* **DATA UNDER STUDY**:

===

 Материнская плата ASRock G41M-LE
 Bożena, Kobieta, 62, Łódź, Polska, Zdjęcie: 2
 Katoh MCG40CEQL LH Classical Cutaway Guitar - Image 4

===

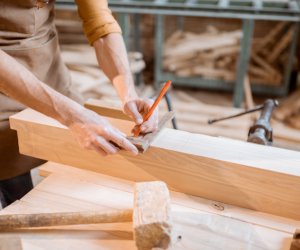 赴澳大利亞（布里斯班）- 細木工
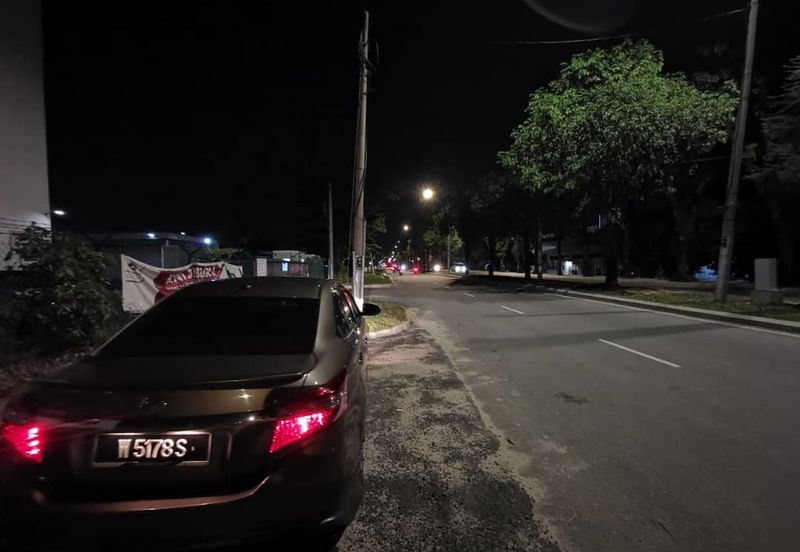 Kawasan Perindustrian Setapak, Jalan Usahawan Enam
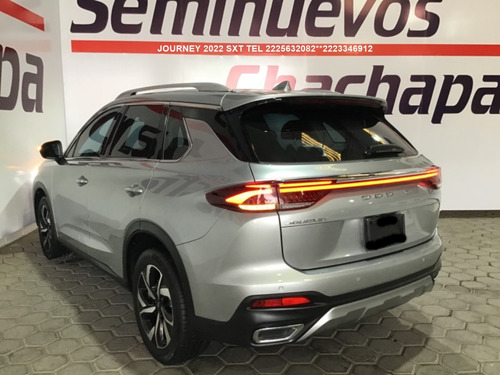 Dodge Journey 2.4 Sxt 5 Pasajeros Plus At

===

* **WORK ITEM**: Excluding any pictures, print exactly the lines of the listing above from the line with "赴澳大利亞（布里斯班）- 細木工" to the line with "Dodge Journey 2.4 Sxt 5 Pasajeros Plus At", both ends included.

* **ANSWER BOX**:
 赴澳大利亞（布里斯班）- 細木工
 Kawasan Perindustrian Setapak, Jalan Usahawan Enam
 Dodge Journey 2.4 Sxt 5 Pasajeros Plus At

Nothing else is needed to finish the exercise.